Höhn und Glaw sitzen am Rand, wenn im Amtsgericht im Namen des Volkes Recht gesprochen wird. Sie überlassen die Bühne gern den Richtern, Staatsanwälten oder Verteidigern. Ohne sie aber wäre Justitia nicht nur blind, sondern auch lahm. Die beiden „Ersten Justizhauptwachtmeister“ sind die Dienstältesten in einem insgesamt elfköpfigen Team. Seit mittlerweile 30 Jahren sorgen sie dafür, dass nicht nur Akten, sondern auch Gefangene und nicht selten in Haft sitzende Zeugen dort ankommen, wo sie ankommen sollen.

Erste Station für jene, die meist in Handschellen in den Gerichtssaal geführt werden müssen, ist die Arrestzelle. Drei gibt es davon im Justizbau an der Kaiserstraße. Sie sind auf dem neuen Stand. „Schauen Sie, alles verschraubt, alles aus Edelstahl“, rüttelt Peter Höhn an Tisch und Stuhl in dem etwa zwölf Quadratmeter großen, fensterlosen Raum. Das mit der Vandalismus resistenten Einrichtung war nicht immer so.
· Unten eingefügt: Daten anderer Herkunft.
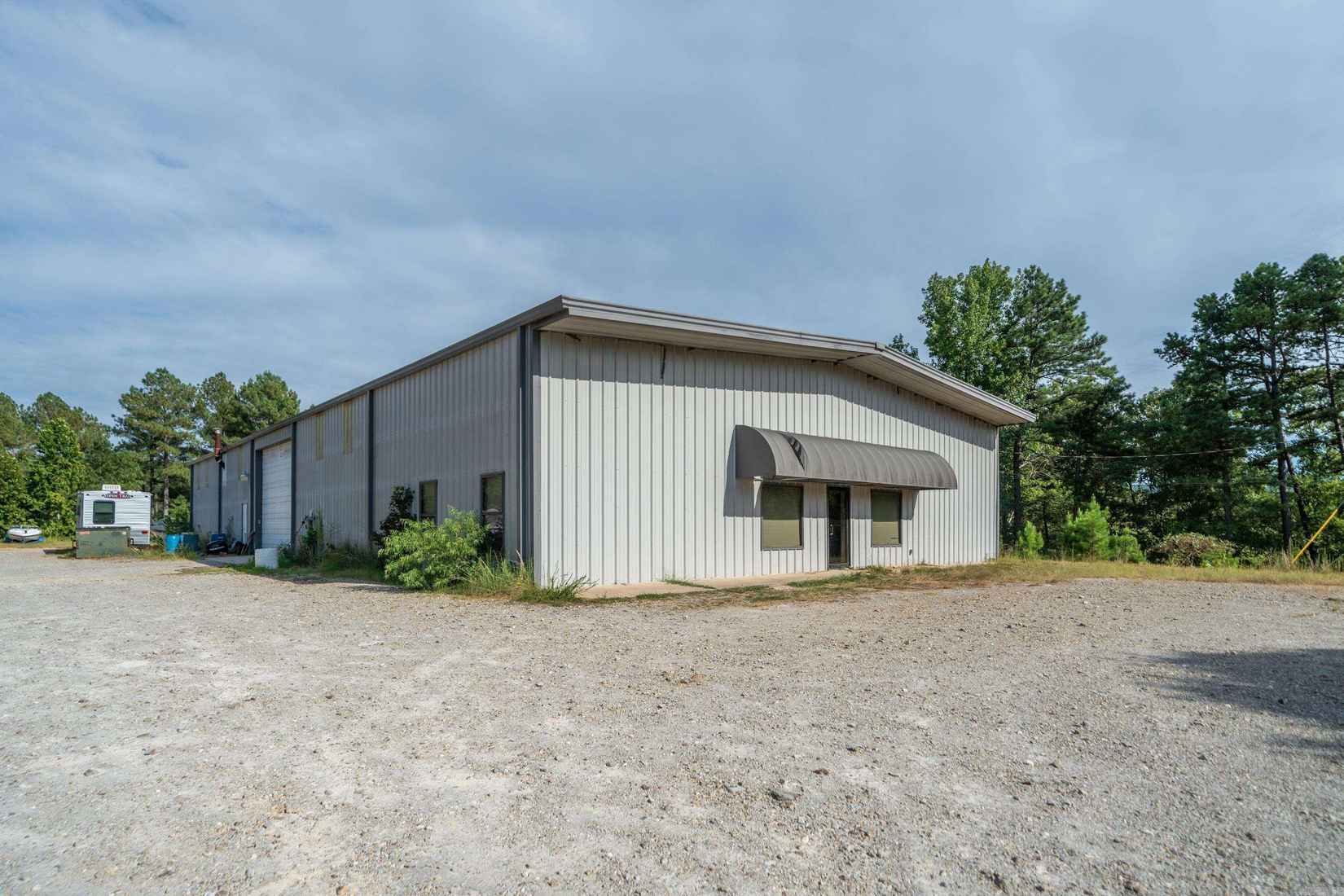 2440 N Hwy 7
Höhn, ein stämmiger Mann mit gelichteter Zwei-Millimeter-Frisur und markantem Schnauzbart, erinnert sich an Zeiten, als Insassen Rohre rausgerissen und die Zelle unter Wasser gesetzt haben, als Häftlinge sich an den Gittern der damals noch vorhandenen Fenster zur Hospitalstraße erhängen wollten und Haschisch-Päckchen von der Straße in die Zelle geworfen wurden.

Friedlicher ist das Klientel, um das sich die gebürtigen Offenbacher Höhn und Glaw kümmern müssen, nicht geworden. Fünf Fluchtversuche haben die beiden in den vergangenen drei Jahrzehnten vereitelt. Mitunter halfen auch die Umstände. So weiß Peter Höhn zu berichten, wie der bei Polizei und Gericht bestens bekannte Offenbacher Gerald D. versuchte, mit einem Sprung durch die Fensterscheibe aus dem Gerichtssaal zu türmen. Sein Pech: Es war Panzerglas. „Der wollte den ganzen Tag nur noch Kopfschmerztabletten“, blickt Höhn schmunzelnd zurück. Geschichten dieser Güte sprudeln nur so aus den beiden Wachtmeistern heraus: Einen Kickbox-Weltmeister haben sie einst richtig „verpacken“ müssen, bevor er zur Verhandlung geführt werden konnte. Was das heißt, wird sogleich demonstriert: Einen Bauchgurt, an dem die angelegten Handschellen fixiert werden, sowie die Kurzversion der Fußfessel für extra kleine Schritte legt Höhn seinem Kollegen Glaw an.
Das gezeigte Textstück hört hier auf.